▶ _WORK TASK_:
Leave no picture in, and give every entry again exactly.

▶ _PROVIDED MATERIAL_:
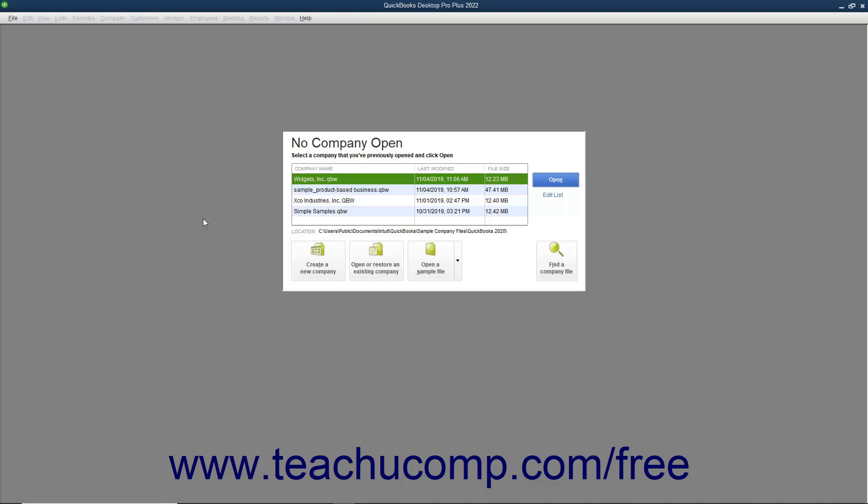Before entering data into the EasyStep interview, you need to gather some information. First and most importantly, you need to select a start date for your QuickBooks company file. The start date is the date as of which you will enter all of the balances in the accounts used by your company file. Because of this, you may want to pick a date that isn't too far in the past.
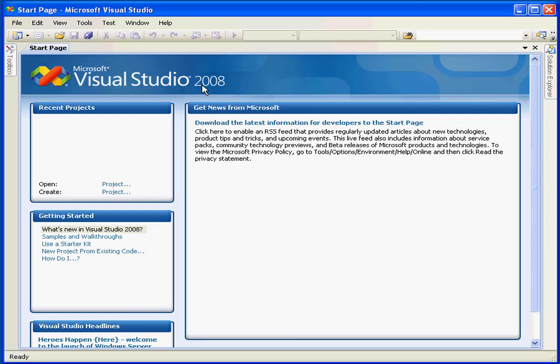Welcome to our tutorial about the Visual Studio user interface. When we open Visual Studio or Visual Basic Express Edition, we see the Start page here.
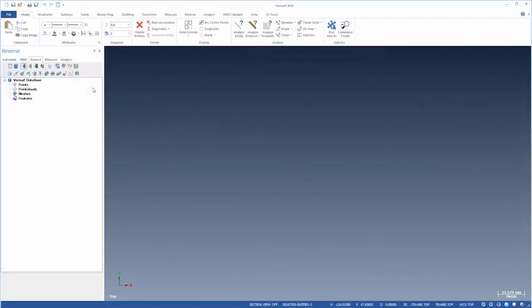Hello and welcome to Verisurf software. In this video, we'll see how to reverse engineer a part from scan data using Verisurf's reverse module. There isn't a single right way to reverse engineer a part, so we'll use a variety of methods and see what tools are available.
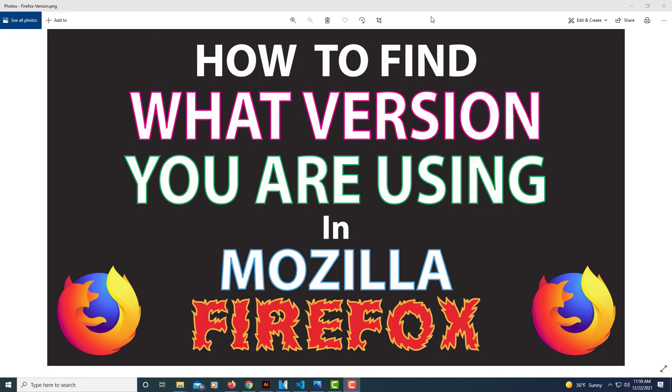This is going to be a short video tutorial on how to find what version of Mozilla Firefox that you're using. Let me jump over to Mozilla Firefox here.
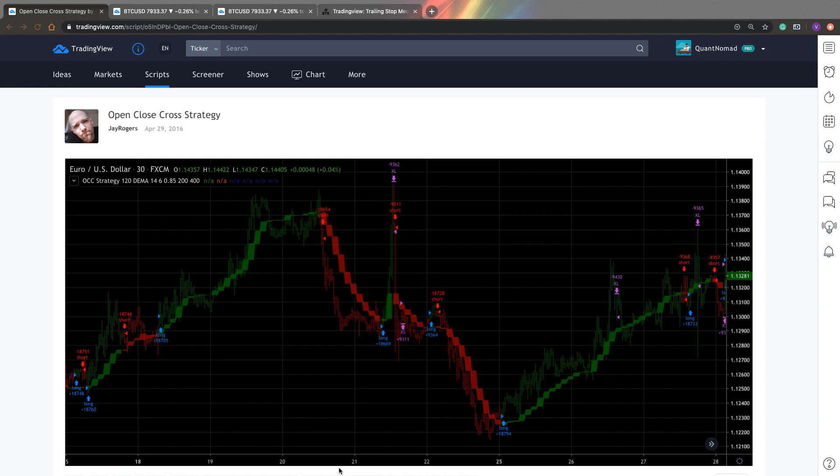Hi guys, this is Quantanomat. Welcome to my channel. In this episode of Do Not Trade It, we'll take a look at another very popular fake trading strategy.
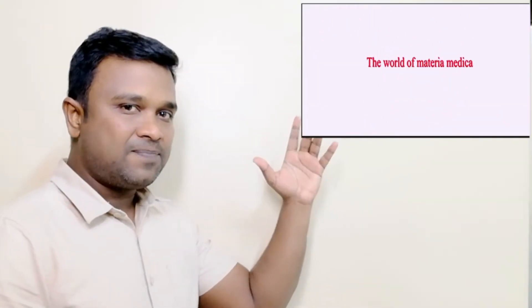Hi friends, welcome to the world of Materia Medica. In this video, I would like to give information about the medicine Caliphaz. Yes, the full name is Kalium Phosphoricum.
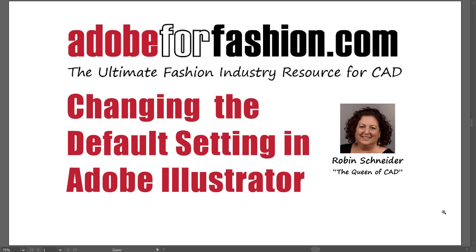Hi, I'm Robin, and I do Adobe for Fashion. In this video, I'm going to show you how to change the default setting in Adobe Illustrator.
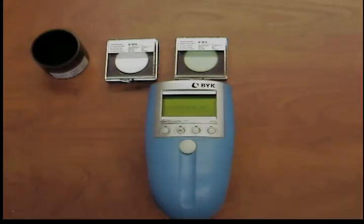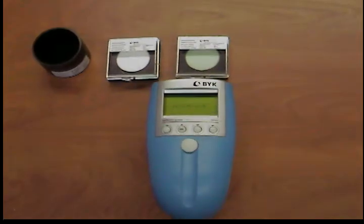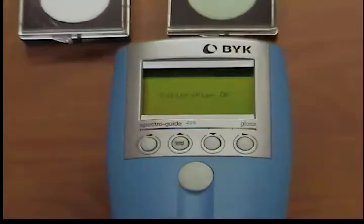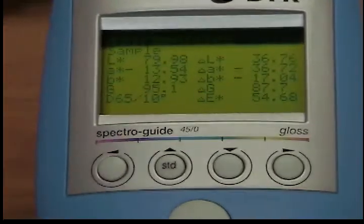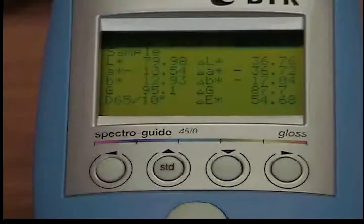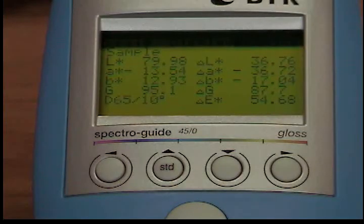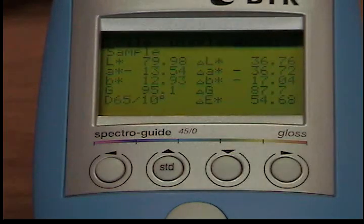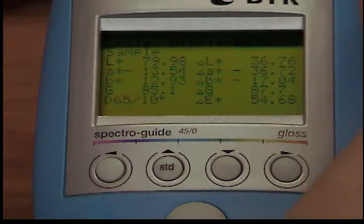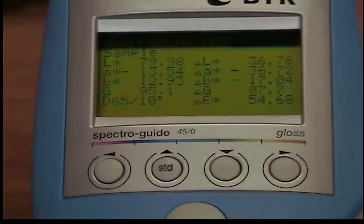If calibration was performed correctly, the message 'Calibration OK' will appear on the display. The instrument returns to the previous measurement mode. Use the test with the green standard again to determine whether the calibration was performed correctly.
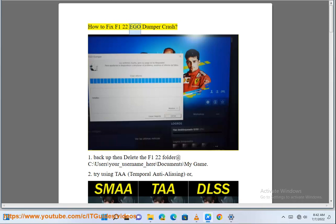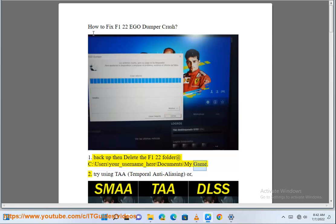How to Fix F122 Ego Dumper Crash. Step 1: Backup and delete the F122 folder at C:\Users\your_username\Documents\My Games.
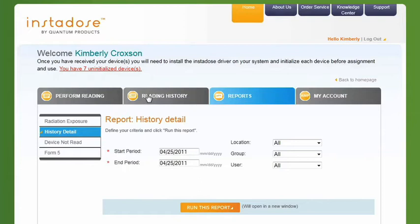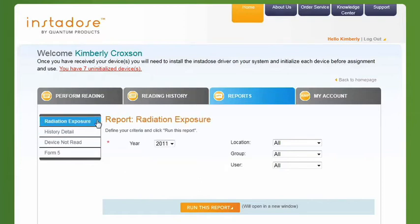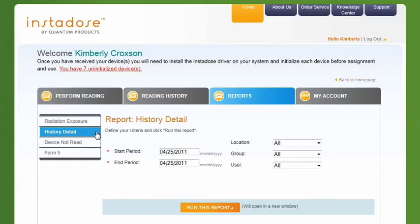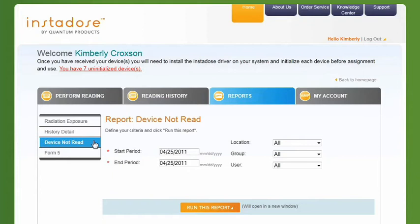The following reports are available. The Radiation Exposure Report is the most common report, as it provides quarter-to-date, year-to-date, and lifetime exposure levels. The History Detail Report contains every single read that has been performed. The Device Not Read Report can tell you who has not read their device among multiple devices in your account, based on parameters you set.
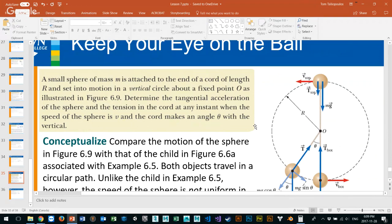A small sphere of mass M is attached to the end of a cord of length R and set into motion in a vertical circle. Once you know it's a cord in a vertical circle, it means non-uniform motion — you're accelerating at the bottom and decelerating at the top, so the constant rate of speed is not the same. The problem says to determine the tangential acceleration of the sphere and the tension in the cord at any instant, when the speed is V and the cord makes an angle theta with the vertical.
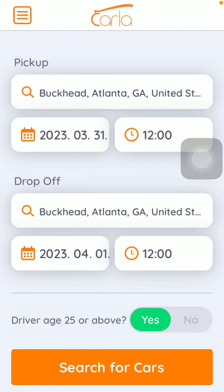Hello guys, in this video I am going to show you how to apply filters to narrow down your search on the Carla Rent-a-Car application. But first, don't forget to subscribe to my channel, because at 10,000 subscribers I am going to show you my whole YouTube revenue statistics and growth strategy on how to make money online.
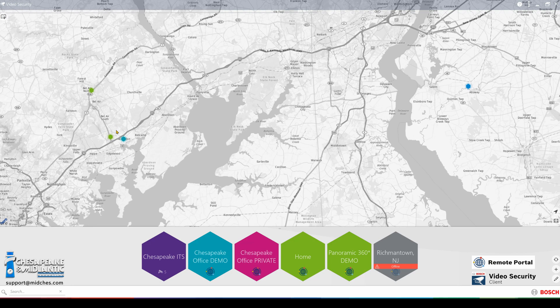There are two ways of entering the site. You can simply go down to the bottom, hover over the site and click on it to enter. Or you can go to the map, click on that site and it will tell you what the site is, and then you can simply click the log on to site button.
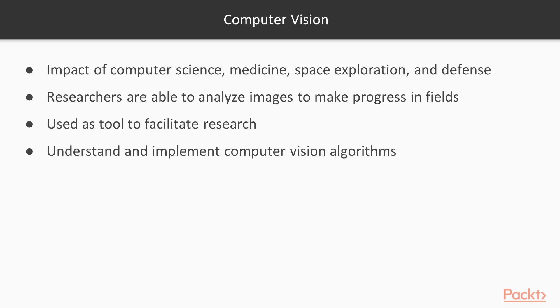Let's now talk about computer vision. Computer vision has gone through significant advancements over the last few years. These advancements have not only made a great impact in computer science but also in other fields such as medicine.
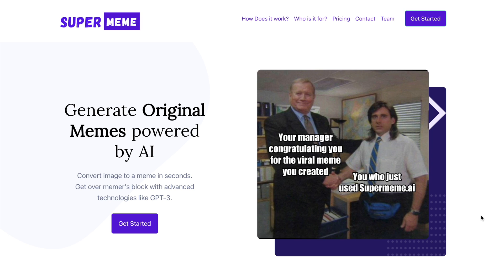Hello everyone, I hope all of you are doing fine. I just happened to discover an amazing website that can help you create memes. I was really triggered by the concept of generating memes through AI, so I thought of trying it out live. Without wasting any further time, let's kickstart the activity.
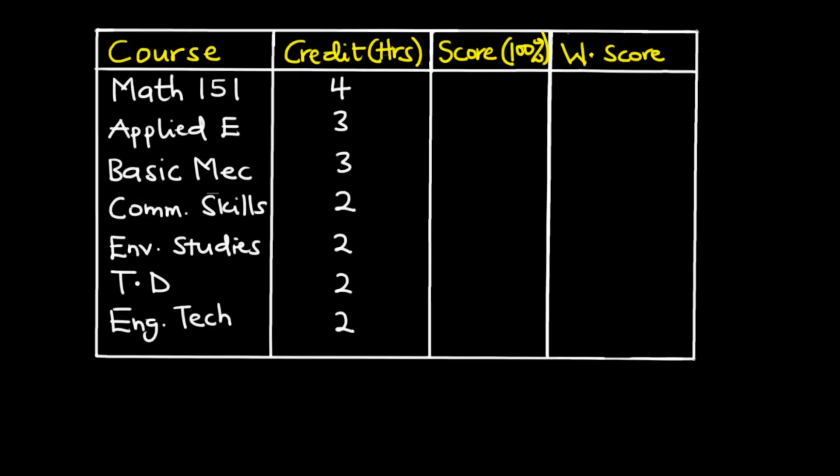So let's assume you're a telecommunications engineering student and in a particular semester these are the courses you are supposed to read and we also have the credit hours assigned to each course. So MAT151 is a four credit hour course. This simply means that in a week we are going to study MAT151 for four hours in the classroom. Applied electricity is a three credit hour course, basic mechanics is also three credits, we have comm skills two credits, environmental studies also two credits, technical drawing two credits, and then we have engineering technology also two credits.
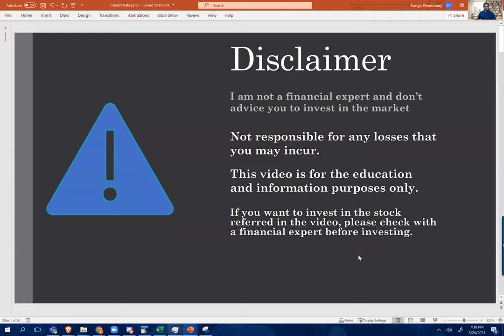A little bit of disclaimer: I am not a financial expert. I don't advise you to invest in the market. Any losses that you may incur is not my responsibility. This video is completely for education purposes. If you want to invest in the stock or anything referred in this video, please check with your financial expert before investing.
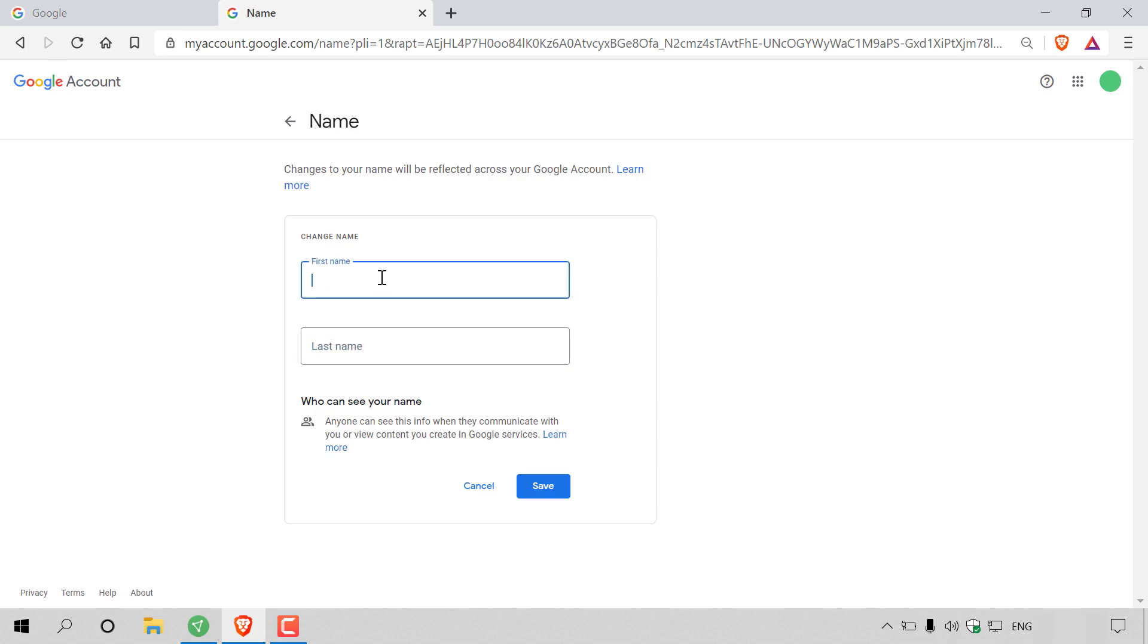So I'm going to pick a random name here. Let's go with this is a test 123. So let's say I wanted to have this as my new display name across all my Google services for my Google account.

▶ _THE COMPLETED TASK_:
Before entering data into the EasyStep interview, you need to gather some information. First and most importantly, you need to select a start date for your QuickBooks company file. The start date is the date as of which you will enter all of the balances in the accounts used by your company file. Because of this, you may want to pick a date that isn't too far in the past.
Welcome to our tutorial about the Visual Studio user interface. When we open Visual Studio or Visual Basic Express Edition, we see the Start page here.
Hello and welcome to Verisurf software. In this video, we'll see how to reverse engineer a part from scan data using Verisurf's reverse module. There isn't a single right way to reverse engineer a part, so we'll use a variety of methods and see what tools are available.
This is going to be a short video tutorial on how to find what version of Mozilla Firefox that you're using. Let me jump over to Mozilla Firefox here.
Hi guys, this is Quantanomat. Welcome to my channel. In this episode of Do Not Trade It, we'll take a look at another very popular fake trading strategy.
Hi friends, welcome to the world of Materia Medica. In this video, I would like to give information about the medicine Caliphaz. Yes, the full name is Kalium Phosphoricum.
Hi, I'm Robin, and I do Adobe for Fashion. In this video, I'm going to show you how to change the default setting in Adobe Illustrator.
If calibration was performed correctly, the message 'Calibration OK' will appear on the display. The instrument returns to the previous measurement mode. Use the test with the green standard again to determine whether the calibration was performed correctly.
How to Fix F122 Ego Dumper Crash. Step 1: Backup and delete the F122 folder at C:\Users\your_username\Documents\My Games.
The following reports are available. The Radiation Exposure Report is the most common report, as it provides quarter-to-date, year-to-date, and lifetime exposure levels. The History Detail Report contains every single read that has been performed. The Device Not Read Report can tell you who has not read their device among multiple devices in your account, based on parameters you set.
A small sphere of mass M is attached to the end of a cord of length R and set into motion in a vertical circle. Once you know it's a cord in a vertical circle, it means non-uniform motion — you're accelerating at the bottom and decelerating at the top, so the constant rate of speed is not the same. The problem says to determine the tangential acceleration of the sphere and the tension in the cord at any instant, when the speed is V and the cord makes an angle theta with the vertical.
Hello guys, in this video I am going to show you how to apply filters to narrow down your search on the Carla Rent-a-Car application. But first, don't forget to subscribe to my channel, because at 10,000 subscribers I am going to show you my whole YouTube revenue statistics and growth strategy on how to make money online.
There are two ways of entering the site. You can simply go down to the bottom, hover over the site and click on it to enter. Or you can go to the map, click on that site and it will tell you what the site is, and then you can simply click the log on to site button.
Let's now talk about computer vision. Computer vision has gone through significant advancements over the last few years. These advancements have not only made a great impact in computer science but also in other fields such as medicine.
Hello everyone, I hope all of you are doing fine. I just happened to discover an amazing website that can help you create memes. I was really triggered by the concept of generating memes through AI, so I thought of trying it out live. Without wasting any further time, let's kickstart the activity.
So let's assume you're a telecommunications engineering student and in a particular semester these are the courses you are supposed to read and we also have the credit hours assigned to each course. So MAT151 is a four credit hour course. This simply means that in a week we are going to study MAT151 for four hours in the classroom. Applied electricity is a three credit hour course, basic mechanics is also three credits, we have comm skills two credits, environmental studies also two credits, technical drawing two credits, and then we have engineering technology also two credits.
A little bit of disclaimer: I am not a financial expert. I don't advise you to invest in the market. Any losses that you may incur is not my responsibility. This video is completely for education purposes. If you want to invest in the stock or anything referred in this video, please check with your financial expert before investing.
So I'm going to pick a random name here. Let's go with this is a test 123. So let's say I wanted to have this as my new display name across all my Google services for my Google account.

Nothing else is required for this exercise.